It's the purest water you can get. And it's a slow process if you can't directly convert the steam into water through a distillatin kit. But 3-5 drops of distilled water a day will enable you to survive for a long while. Maybe 3 months.

Kephrem
07-30-2006, 01:54 AM
More than 60 percent of U.S. in drought

By JAMES MacPHERSON, Associated Press Writer
7/29/06


STEELE, N.D. - More than 60 percent of the United States now has abnormally dry or drought conditions, stretching from Georgia to Arizona and across the north through the Dakotas, Minnesota, Montana and Wisconsin, said Mark Svoboda, a climatologist for the National Drought Mitigation Center at the University of Nebraska at Lincoln.


An area stretching from south central North Dakota to central South Dakota is the most drought-stricken region in the nation, Svoboda said.

"It's the epicenter," he said. "It's just like a wasteland in north central South Dakota."

Conditions aren't much better a little farther north. Paul Smokov and his wife, Betty, raise several hundred cattle on their 1,750-acre ranch north of Steele, a town of about 760 people.

Fields of wheat, durum and barley in the Dakotas this dry summer will never end up as pasta, bread or beer. What is left of the stifled crops has been salvaged to feed livestock struggling on pastures where hot winds blow clouds of dirt from dried-out ponds.

Some ranchers have been forced to sell their entire herds, and others are either moving their cattle to greener pastures or buying more already-costly feed. Hundreds of acres of grasslands have been blackened by fires sparked by lightning or farm equipment.

"These 100-degree days for weeks steady have been burning everything up," said Steele Mayor Walter Johnson, who added that he'd prefer 2 feet of snow over this weather.

Farm ponds and other small bodies of water have dried out from the heat, leaving the residual alkali dust to be whipped up by the wind. The blowing, dirt-and-salt mixture is a phenomenon that hasn't been seen in south central North Dakota since the Dust Bowl of the 1930s, Johnson said.
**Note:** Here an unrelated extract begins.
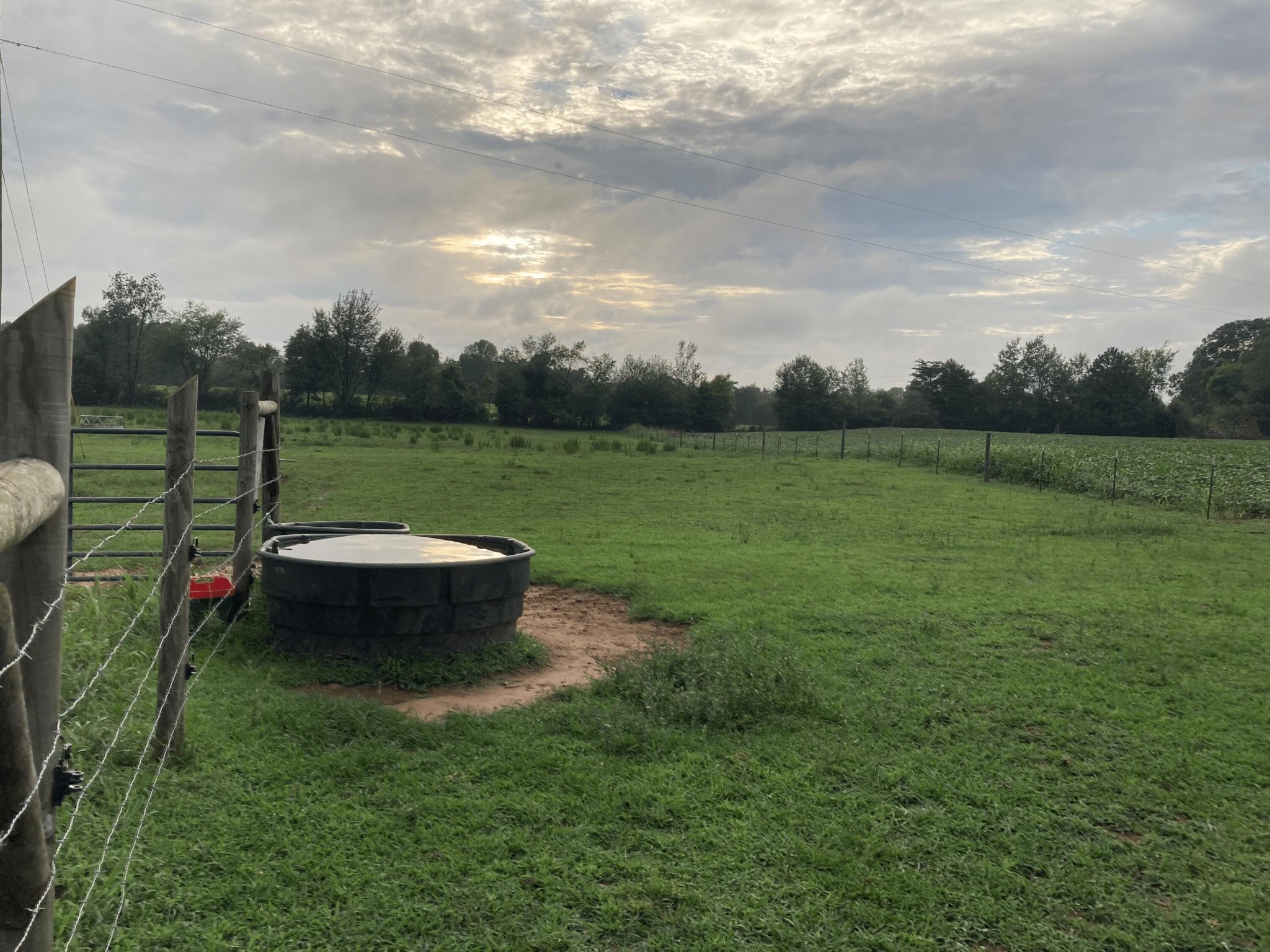 0 Swan Road Old Fort, TN 37362 - Photo 1 of 20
North Dakota's all-time high temperature was set here in July 1936, at 121. Smokov, now 81, remembers that time and believes conditions this summer probably are worse.

"I could see this coming in May," Smokov said of the parched pastures and wilted crops. "That's the time the good Lord gives us our general rains. But we never got them this year."
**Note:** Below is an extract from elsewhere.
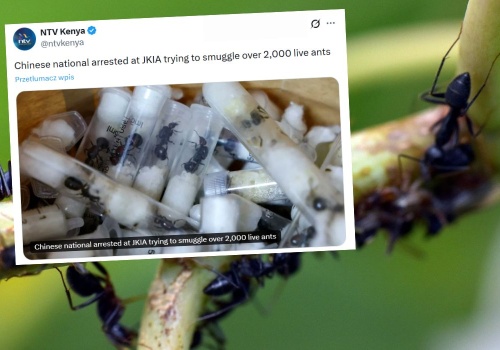 Kenia: służby zatrzymały Chińczyka przemycającego 2000 mrówczych królowych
Brad Rippey, a federal Agriculture Department meteorologist in Washington, said this year's drought is continuing one that started in the late 1990s. "The 1999 to 2006 drought ranks only behind the 1930s and the 1950s. It's the third-worst drought on record period," Rippey said.

Svoboda was reluctant to say how bad the current drought might eventually be.

"We'll have to wait to see how it plays out but it's definitely bad," he said. "And the drought seems to not be going anywhere soon."

Herman Schumacher, who owns Herreid Livestock Auction in north central South Dakota, said his company is handling more sales than ever because of the drought.

In May, June and July last year, his company sold 3,800 cattle. During the same months this year, more than 27,000 cattle have been sold, he said.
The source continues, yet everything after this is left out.